Thesen zum Verhältnis von linker Partei und sozialen Bewegungen

Von Edith Bartelmus-Scholich | 20.05.2006

Thesenpapier zur Konferenz der linken Opposition in der WASG am 20.05.06 in Kassel
von Edith Bartelmus-Scholich

These 1: 

Die Entwicklungsmöglichkeiten der neuen linken Partei werden als erstes davon abhängen, wie sich die sozialen Kämpfe entwickeln und in welchem Umfang die Partei daran teilnimmt.

Der Wandel sozialdemokratischer Parteien weltweit zu neoliberalen Parteien mit sozialem Restprogramm ist auf die Unfähigkeit der Arbeiterbewegung zurück zu führen, Antworten auf die Herausforderungen eines in neuen Zusammenhängen weltweit flexibel und konsequent interessengeleitet agierenden Kapitals zu finden. Durch dieses grundsätzliche Versagen hat sich das Kräfteverhältnis zwischen Kapital und Arbeit immer mehr zu Gunsten des Kapitals verschoben mit der Folge, dass auch linke Regierungen nicht mehr den Erwartungen ihrer WählerInnen nach einer sozialen Politik gerecht werden können. Dieser Zustand wird sich erst dann ändern, wenn das Kräfteverhältnis zwischen Kapital und Arbeit, wieder zu Gunsten der Arbeit verändert wird. Nur eine solche Verschiebung des Kräfteverhältnisses als Ergebnis von sozialen Kämpfen ist geeignet, die neoliberale Hegemonie zu brechen und einen Paradigmenwechsel in der Politik herbei zu führen. Eine linke Partei, die nicht an den sozialen Kämpfen teilnimmt, wird auch nicht in der Lage sein, die Anliegen der Kämpfenden auf eine politische Ebene zu heben und adäquate politische Lösungen zu entwickeln.

These 2: 

Die neue linke Partei wird in dem Maße erfolgreich sein, wie es gelingt, die soziale Basis der Partei, die Arbeitenden und Erwerbslosen, zur Mitarbeit in der Partei zu gewinnen und in der Mehrheit zu erhalten. Hierzu ist eine Verankerung sowohl in den Gewerkschaften, als auch in den neuen sozialen Bewegungen notwendig aber nicht hinreichend.

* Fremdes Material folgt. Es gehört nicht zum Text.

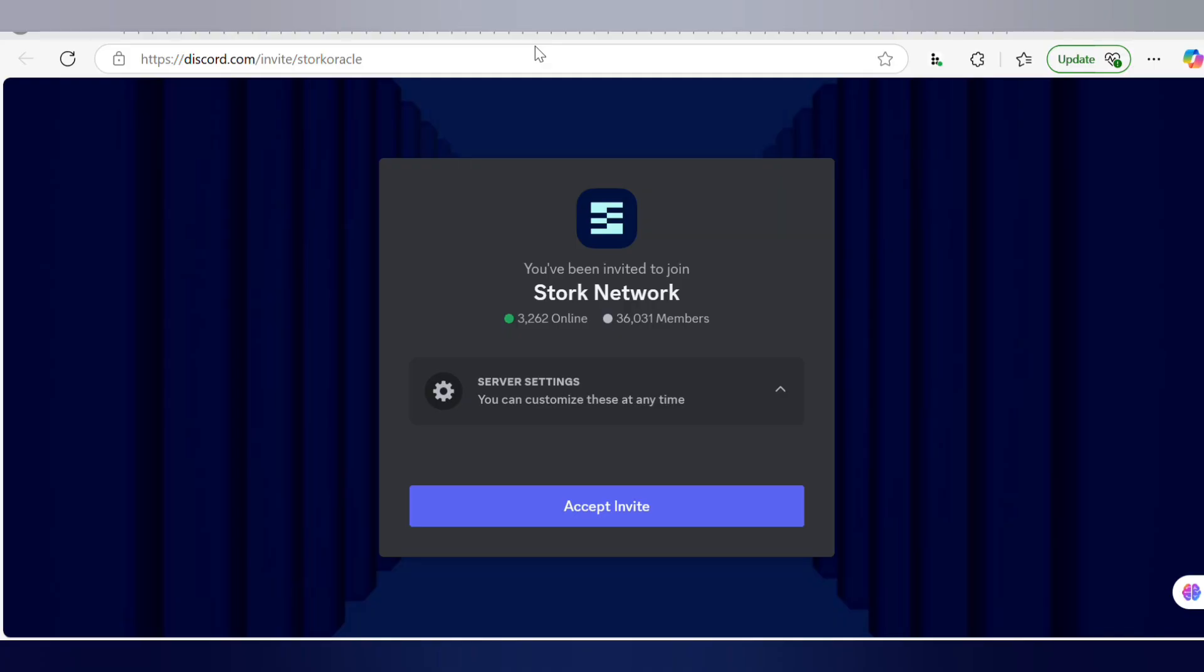Here we are on Discord. I would make sure to attach this link in the description to enable you to actually join the Discord account. What you have to do is just click on that link and it will take you to this very place. Remember something, this very project is still very, very early.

Die Veränderungen in den Politikkonzepten der Grünen beruhen zuallererst darauf, dass die soziale Basis dieser Partei sich in den Jahren nach ihrer Gründung gewandelt hat. Heute gehören die WählerInnen und die meisten Mitglieder der Grünen zum gut verdienenden Bildungsbürgertum. Die Partei vertritt deren Interessen. Folglich ist es falsch zu schließen, die Grünen seien gescheitert, weil die innerparteiliche Demokratie nicht funktioniert habe. Die Veränderung der Politik der Grünen ist vor allem auf den raschen Austausch der Parteibasis zurück zu führen. Eine Partei, die über lange Zeit in der Arbeiterschaft gut verankert war, ist die SPD. Selbst heute, nach einigen Jahren der Erosion, setzt die Mitgliedschaft der SPD sich noch immer hauptsächlich aus Arbeitern, Angestellten und Rentnern zusammen, von denen viele zudem gewerkschaftlich aktiv sind oder waren. Diese Parteibasis hat über Jahrzehnte Fehlentwicklungen zwar nicht auf Dauer verhindern, aber doch im Tempo bremsen können. Die Politik der SPD hat über lange Zeit den Erwartungen ihrer sozialen Basis im Großen Ganzen entsprochen. 

These 3:

Über die Verankerung der Partei in den Gewerkschaften und den neuen sozialen Bewegungen hinaus ist eine Institutionalisierung der Zusammenarbeit zwischen Partei und sozialen Bewegungen notwendig um einer Verselbstständigung von Partei und Parlamentariern entgegenzuwirken. Die sozialen Bewegungen sollten über ein System von Räten Einfluss nehmen.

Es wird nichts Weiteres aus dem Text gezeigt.